CW: I had this super-clear push, “go to New Zealand.” It was after my (cancer) prognosis, when my doctor told me how serious it was. The whole time, all this past year, they kept telling me all these things, and I was like, “But I feel fine!” So it was hard to accept it, right? But when she said that to me, I was like, I gotta go to New Zealand. I just needed to go.
I had an orange bus, and it had a really good GPS, so I could just put in, like, “hot springs,” and it would know where to go.
I was there for two weeks. I spent the first week camping, soaking in the water, going to the zoo, going to the animal sanctuary, going to the art museum. It was all so beautiful.

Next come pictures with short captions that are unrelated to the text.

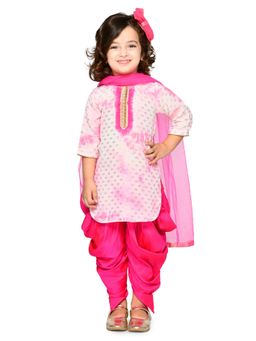 SAKA DESIGNS - Tie And Dye Pink Georgette Kurta With Dhoti Set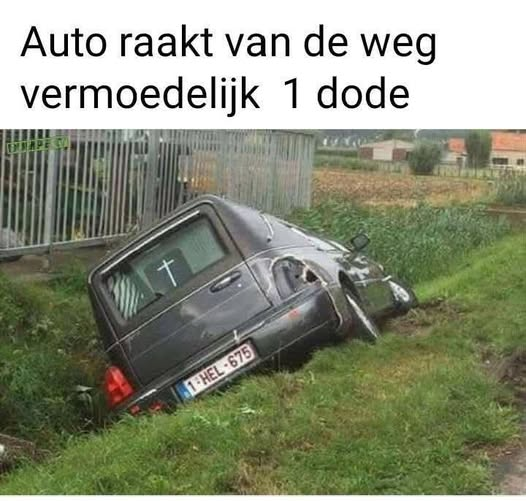 Auto raakt van de weg vermoedelijk 1 gode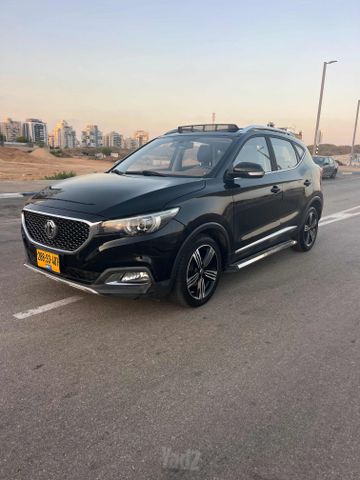 אם ג'י ZS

Then I went to the Tūhou tribe. He tattooed my arm. It signifies my courage. It hurt. It felt like he was carving it with a knife, and you’re trying to be brave. I’m taking these chemo pills, which means maybe I’m not as strong. But I’m really glad I did it. I was so honored.
I’m really glad I went. I was in New Zealand when I decided to do the party. I was getting all this clarity. I said, you know what, if I have to stop working, especially in the liquor business, I’m just going to have a retirement party. A big, end-of-the-year, retirement party, and I’ll just go out with a bang.
I don’t want to say this is going to be my last party, but, with the prognosis that I have—and I’m just being realistic—if I can make it two years, I’m going to be defying odds. I want people to remember this. I want them to remember me like this. It’s been a tough year.
I’m like, I’m alive, I’m having a fuckin’ party. As long as I’m alive, I’m having a party.